**Dataset records**
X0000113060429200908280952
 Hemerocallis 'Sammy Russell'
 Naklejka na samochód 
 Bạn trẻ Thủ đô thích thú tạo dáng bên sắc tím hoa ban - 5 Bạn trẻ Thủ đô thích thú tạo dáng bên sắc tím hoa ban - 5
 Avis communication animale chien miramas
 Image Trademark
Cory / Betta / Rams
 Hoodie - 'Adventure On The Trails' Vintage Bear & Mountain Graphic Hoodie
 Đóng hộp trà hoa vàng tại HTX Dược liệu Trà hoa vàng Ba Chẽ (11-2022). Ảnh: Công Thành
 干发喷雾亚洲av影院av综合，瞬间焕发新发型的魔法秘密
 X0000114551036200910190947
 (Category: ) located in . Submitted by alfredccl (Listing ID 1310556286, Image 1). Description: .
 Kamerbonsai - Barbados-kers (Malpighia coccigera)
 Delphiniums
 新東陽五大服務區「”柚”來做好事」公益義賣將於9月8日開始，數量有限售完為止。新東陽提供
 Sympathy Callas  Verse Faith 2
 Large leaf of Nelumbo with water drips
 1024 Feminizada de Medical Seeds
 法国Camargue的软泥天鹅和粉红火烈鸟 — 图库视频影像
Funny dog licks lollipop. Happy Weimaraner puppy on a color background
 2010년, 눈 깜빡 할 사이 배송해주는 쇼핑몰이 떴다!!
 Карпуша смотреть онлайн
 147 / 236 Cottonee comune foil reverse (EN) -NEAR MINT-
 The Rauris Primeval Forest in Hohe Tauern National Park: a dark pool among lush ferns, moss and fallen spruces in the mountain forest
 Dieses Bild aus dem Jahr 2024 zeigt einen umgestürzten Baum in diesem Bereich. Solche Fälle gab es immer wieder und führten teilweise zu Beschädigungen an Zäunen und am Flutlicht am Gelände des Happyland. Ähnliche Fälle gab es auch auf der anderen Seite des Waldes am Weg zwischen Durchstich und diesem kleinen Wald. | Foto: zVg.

**Work task**
Each line above must be output exactly as it stands.

**Problem solution**
X0000113060429200908280952
 Hemerocallis 'Sammy Russell'
 Naklejka na samochód 
 Bạn trẻ Thủ đô thích thú tạo dáng bên sắc tím hoa ban - 5 Bạn trẻ Thủ đô thích thú tạo dáng bên sắc tím hoa ban - 5
 Avis communication animale chien miramas
 Image Trademark
Cory / Betta / Rams
 Hoodie - 'Adventure On The Trails' Vintage Bear & Mountain Graphic Hoodie
 Đóng hộp trà hoa vàng tại HTX Dược liệu Trà hoa vàng Ba Chẽ (11-2022). Ảnh: Công Thành
 干发喷雾亚洲av影院av综合，瞬间焕发新发型的魔法秘密
 X0000114551036200910190947
 (Category: ) located in . Submitted by alfredccl (Listing ID 1310556286, Image 1). Description: .
 Kamerbonsai - Barbados-kers (Malpighia coccigera)
 Delphiniums
 新東陽五大服務區「”柚”來做好事」公益義賣將於9月8日開始，數量有限售完為止。新東陽提供
 Sympathy Callas  Verse Faith 2
 Large leaf of Nelumbo with water drips
 1024 Feminizada de Medical Seeds
 法国Camargue的软泥天鹅和粉红火烈鸟 — 图库视频影像
Funny dog licks lollipop. Happy Weimaraner puppy on a color background
 2010년, 눈 깜빡 할 사이 배송해주는 쇼핑몰이 떴다!!
 Карпуша смотреть онлайн
 147 / 236 Cottonee comune foil reverse (EN) -NEAR MINT-
 The Rauris Primeval Forest in Hohe Tauern National Park: a dark pool among lush ferns, moss and fallen spruces in the mountain forest
 Dieses Bild aus dem Jahr 2024 zeigt einen umgestürzten Baum in diesem Bereich. Solche Fälle gab es immer wieder und führten teilweise zu Beschädigungen an Zäunen und am Flutlicht am Gelände des Happyland. Ähnliche Fälle gab es auch auf der anderen Seite des Waldes am Weg zwischen Durchstich und diesem kleinen Wald. | Foto: zVg.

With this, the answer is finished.